One of the problems is that I don't have a handbook - but I do have a postal address


----------



## GetDuffed (Nov 28, 2006)

*Adria Email*

Adria Concessionaires Ltd - Fax 0870 7740006 or 07 for phone - hope it helps


----------



## Rapide561 (Oct 1, 2005)

*Adria*

Hi

Does the Slovenian lady you mention actually work from the UK though, or from Slovenia?

Russell


----------



## rowley (May 14, 2005)

Maybe you could have a word with these people at Club Adria. They are very helpful and sometimes post on this site.

www.clubadria.co.uk


----------



## b6x (Feb 26, 2007)

You could try these....

[email protected]

...however everytime I've asked them a question, I get a standard response saying "please speak to one of our dealers". *Very* bad customer service in my opinion.

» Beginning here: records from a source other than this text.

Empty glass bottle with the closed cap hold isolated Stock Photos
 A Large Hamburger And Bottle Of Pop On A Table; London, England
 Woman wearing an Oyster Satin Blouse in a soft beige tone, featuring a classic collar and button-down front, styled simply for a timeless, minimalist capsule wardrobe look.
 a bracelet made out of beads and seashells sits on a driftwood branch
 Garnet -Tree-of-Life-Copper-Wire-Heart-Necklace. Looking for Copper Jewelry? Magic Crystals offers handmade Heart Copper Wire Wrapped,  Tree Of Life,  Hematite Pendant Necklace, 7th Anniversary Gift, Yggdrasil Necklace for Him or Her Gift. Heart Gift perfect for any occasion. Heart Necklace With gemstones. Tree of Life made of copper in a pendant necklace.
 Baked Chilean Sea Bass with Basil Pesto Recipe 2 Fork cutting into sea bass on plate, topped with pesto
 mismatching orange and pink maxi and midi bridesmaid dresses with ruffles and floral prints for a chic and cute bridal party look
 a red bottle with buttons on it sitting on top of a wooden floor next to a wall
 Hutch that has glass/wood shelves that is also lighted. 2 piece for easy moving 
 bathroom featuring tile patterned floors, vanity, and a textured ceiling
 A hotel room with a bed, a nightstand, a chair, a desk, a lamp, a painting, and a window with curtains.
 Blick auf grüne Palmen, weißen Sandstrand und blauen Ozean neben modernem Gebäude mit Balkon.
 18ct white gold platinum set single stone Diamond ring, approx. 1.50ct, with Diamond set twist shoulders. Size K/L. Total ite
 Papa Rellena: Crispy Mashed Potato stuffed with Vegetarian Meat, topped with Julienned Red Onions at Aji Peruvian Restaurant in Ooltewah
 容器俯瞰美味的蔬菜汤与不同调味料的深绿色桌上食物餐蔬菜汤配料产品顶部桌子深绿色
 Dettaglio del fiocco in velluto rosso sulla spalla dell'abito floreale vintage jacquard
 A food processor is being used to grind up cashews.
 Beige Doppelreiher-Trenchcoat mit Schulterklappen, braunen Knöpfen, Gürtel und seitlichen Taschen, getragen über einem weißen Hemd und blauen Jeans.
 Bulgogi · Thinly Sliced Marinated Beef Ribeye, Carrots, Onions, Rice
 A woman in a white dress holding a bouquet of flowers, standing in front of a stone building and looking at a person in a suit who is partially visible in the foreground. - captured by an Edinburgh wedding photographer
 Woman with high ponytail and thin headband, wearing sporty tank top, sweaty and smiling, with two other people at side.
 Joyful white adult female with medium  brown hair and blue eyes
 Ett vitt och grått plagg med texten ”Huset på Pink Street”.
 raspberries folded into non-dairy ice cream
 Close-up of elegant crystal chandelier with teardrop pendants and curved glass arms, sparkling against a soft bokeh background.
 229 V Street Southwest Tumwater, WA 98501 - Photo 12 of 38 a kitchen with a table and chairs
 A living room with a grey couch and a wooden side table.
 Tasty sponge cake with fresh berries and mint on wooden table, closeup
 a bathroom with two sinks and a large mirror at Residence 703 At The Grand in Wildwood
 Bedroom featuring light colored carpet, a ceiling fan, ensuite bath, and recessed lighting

also, stick in a report on the "Company Reports" section of this site if you have a useful review of your dealer.


----------



## 106464 (Aug 14, 2007)

Hi Bacchus

I would send a letter if i were you,yes the managing director is slovenian but she speaks good English and will take your coments seriously.But remember that they will not get involved with a dispute thats up to you and the dealer.It maybe useful to contact trading standards if you are unhappy with the service from your dealer. If they are not meeting your expectations.Sorry its proberly not what you want to here,i hope that you get your problems sorted out without any cost and that it doesn't take any longer in waiting.

Good luck


----------



## Bacchus (Mar 27, 2008)

Thank you for your advice. This is a civil law matter rather than a criminal issue and is therefore not one that would be dealt with by Trading Standards. Before I take the dealer to the County Court I need to demostrate that I have made an attempt at arbitration and I was hoping that Adria would be able to do this. 

Anyway I have given the dealer a few more days to respond to my offer of alternative dispute resolution. If Adria are not going to be helpful then any formal action will further dent what appears already to be a rather poor reputation as I will give the issue maximum publicity

I deeply regret having ever considered buying an Adria


----------